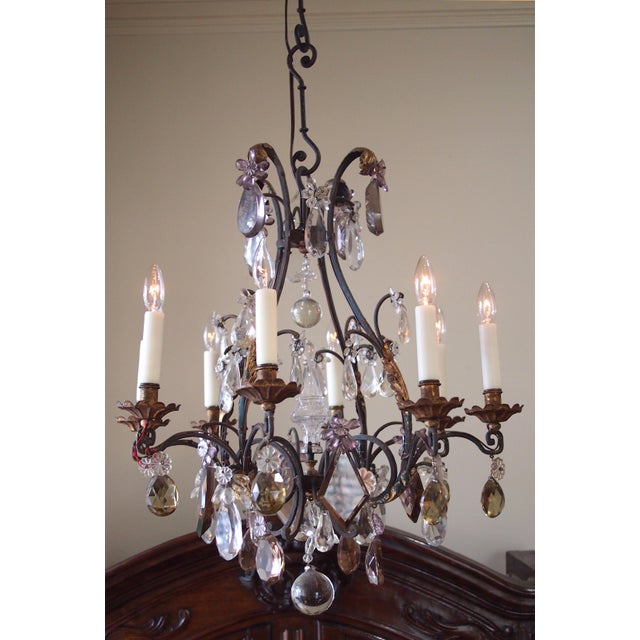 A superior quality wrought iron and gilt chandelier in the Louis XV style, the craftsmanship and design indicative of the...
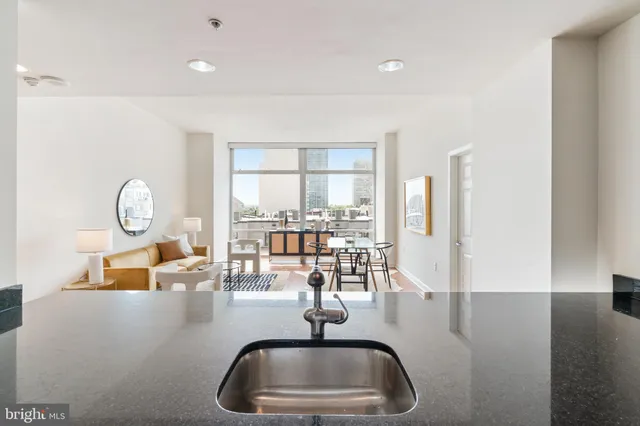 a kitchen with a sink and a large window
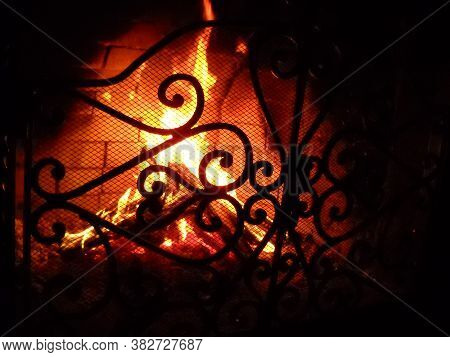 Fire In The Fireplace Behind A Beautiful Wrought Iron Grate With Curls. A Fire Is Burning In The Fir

════════

**Task**
Nothing but the lines from the beginning of the material above through the line containing "a kitchen with a sink and a large window" should appear in the answer, copied exactly and free of pictures.

**Solution to the exercise**
 A superior quality wrought iron and gilt chandelier in the Louis XV style, the craftsmanship and design indicative of the...
 a kitchen with a sink and a large window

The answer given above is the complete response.